Practice/LinkedIn/Design a Trending Hashtags System
Design a Trending Hashtags System
System DesignMust
Problem Statement
Design a highly scalable system that tracks and computes the top K trending hashtags (e.g., top 30-50) across different time windows (last 5/15/30/60 minutes or custom intervals) for billions of users, with support for filtering by geography (local/global) and categories (food, sports, politics).
The system must exercise your ability to design high-throughput streaming systems, compute top-K over sliding windows, and handle skewed traffic (hot hashtags) at global scale. Balance accuracy vs freshness vs cost while supporting filters (geo/category) and user-specified windows.
Key Requirements
Functional
- Multi-window trending -- users view the top K (e.g., 30-50) hashtags for a chosen time window (last 1/5/15/60 minutes or up to 12 hours)

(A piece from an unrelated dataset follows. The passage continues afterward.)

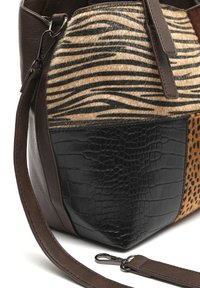 Läderhandväska med en blandning av texturer: zebra tryck i päls, svart krokodilprägling och leopardmönstrad tyg med bruna accenter.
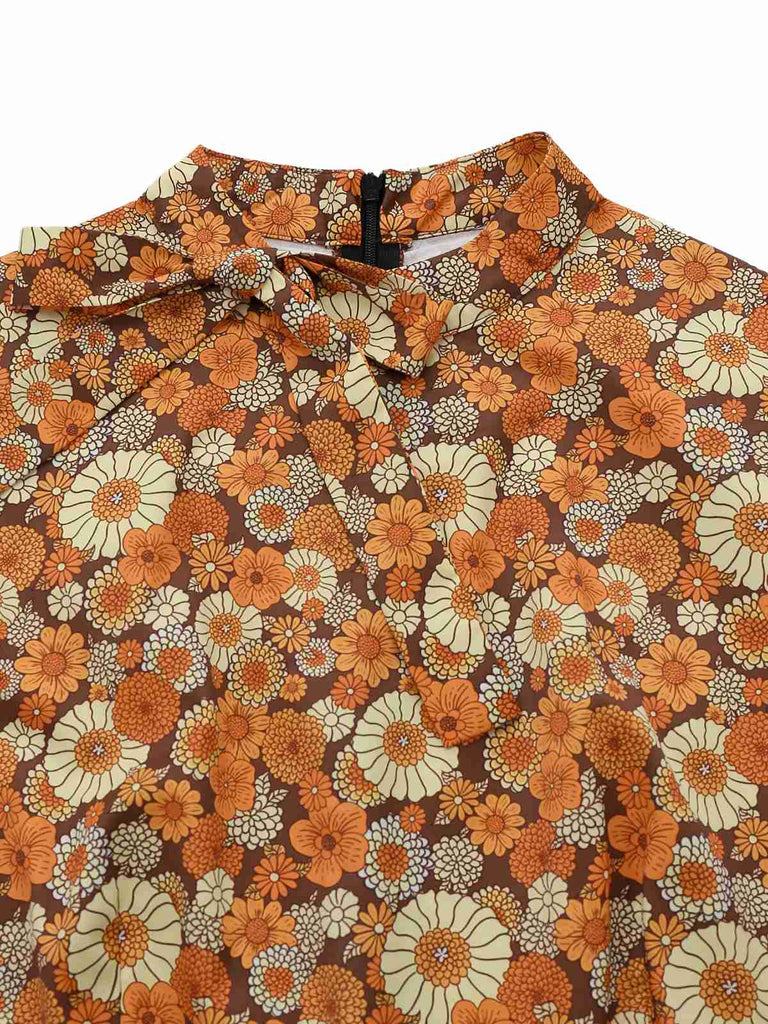 Combinaison orange col noué en velours côtelé motif marguerites années 1970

- Geo and category filters -- users filter trending hashtags by geography (global, country, city) and by category (food, sports, politics)
- Custom time intervals -- users specify a custom time interval within allowed bounds and receive a ranked list quickly
- Near-real-time freshness -- trends reflect changes within a target latency of a few seconds
Non-Functional
- Scalability -- handle billions of users and 100M+ daily posts creating a write-heavy stream of hashtag events
- Reliability -- tolerate datacenter failures and stream processing restarts without losing trending accuracy
- Latency -- serve trending queries with sub-100ms latency from pre-computed results
- Consistency -- eventual consistency with bounded freshness; rankings converge within seconds of actual trend changes
Interview Reports from Hello Interview
36 reports from candidates. Most recently asked at LinkedIn in Early October 2025.
Also commonly asked at: Meta, Google, Atlassian.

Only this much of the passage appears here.